Noting that a popular brand of infant formula was in stock, his friends decided to buy several cans for their grandchild in Hong Kong.
But the shopkeeper told them they could buy no more than two cans.
He explained that he had a social responsibility to take care of his community and ensure that they had enough of the item for local children - making money was not his only consideration.
Leung was said to have been extremely impressed with the shop owner's attitude and wondered whether the same could happen in Hong Kong.
There have been reports that as milk powder supplies ran short in the city, some shopkeepers held back popular brands of the item for mainland buyers who would pay more for it, setting locals off on a frantic search for the product.
Would shop owners in Hong Kong be, like the one Leung met in London, caring enough and willing to sacrifice their profits to ensure that local needs are met?

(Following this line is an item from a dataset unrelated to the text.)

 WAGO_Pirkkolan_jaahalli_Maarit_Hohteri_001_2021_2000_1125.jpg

No one can say for sure.
But the effects of the government's two-can limit on infant formula exports - which is aimed at easing the city's milk powder shortage - are expected to be only temporary, since the fundamental problem of high mainland demand is here to stay.

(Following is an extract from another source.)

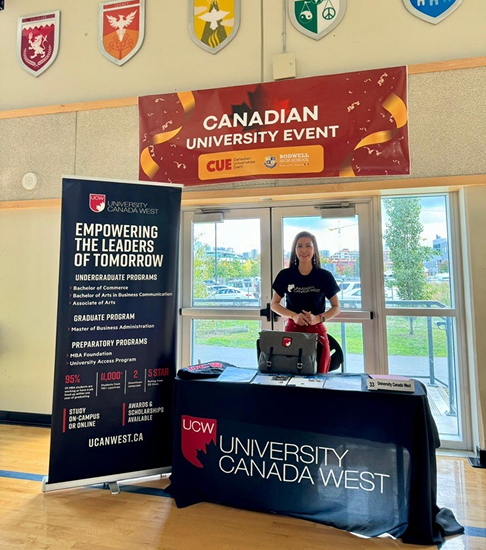 Man Working With Laptop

Hong Kong faces the dilemma of whether to further widen its doors to mainlanders.
This debate has led to calls for a focus on quality - that is, to admit only the wealthier mainland visitors.

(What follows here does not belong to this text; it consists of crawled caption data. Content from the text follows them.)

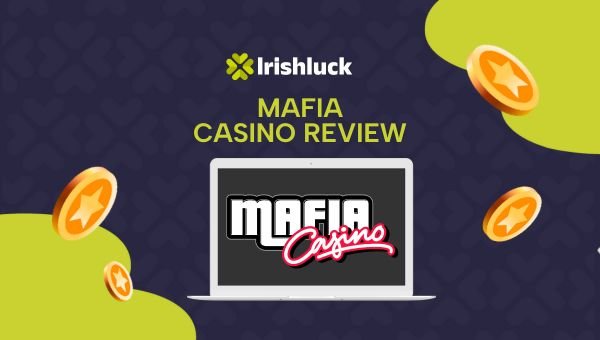 Mafia Casino Online España La Experiencia de Juego Definitiva -1895429513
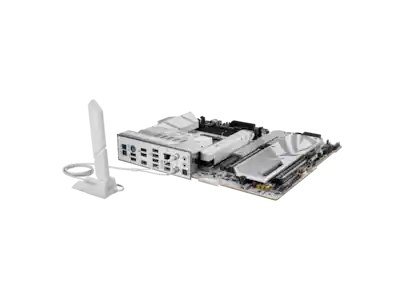 ASUS ROG MAXIMUS Z890 APEX, AI PC ready, DDR5, WiFi 7, PCIe 5.0 M ASUS ROG MAXIMUS Z890 APEX, AI PC ready, DDR5, WiFi 7, PCIe 5.0 M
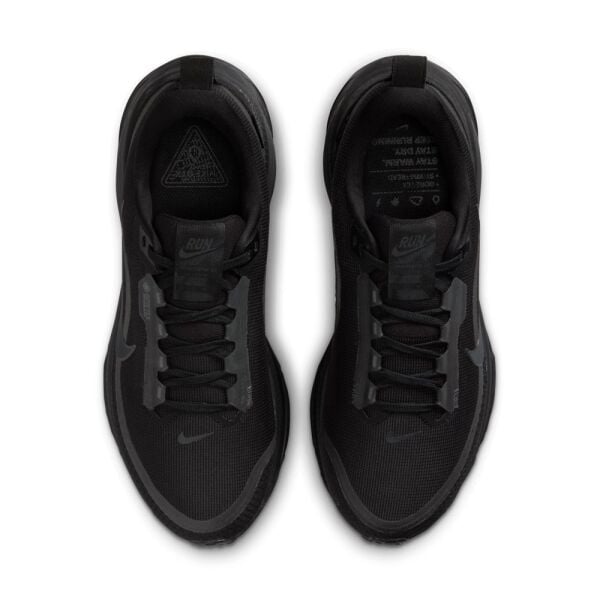 W NIKE VOMERO 18 GTX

But while the suggestion is understandable, it is not feasible. Such a discriminatory policy would certainly have a severely negative impact on the city's reputation.
Perhaps one key point has been missed in the debate: what kind of social norm do we desire for our city?
Are Hongkongers truly the money-hungry barbarians some critics have portrayed them as?
Or do we also have a loving, caring and helpful side, as has been demonstrated in the 2003 fight against the Sars epidemic and on many other occasions in the past?
While the government should indeed tighten controls on parallel-goods trading and seriously review our tourism policies towards mainlanders, Hongkongers can, besides simply complaining about the various issues, also do something - something small yet meaningful - for our society.
Perhaps the actions of the shop owner in London could serve as a reference.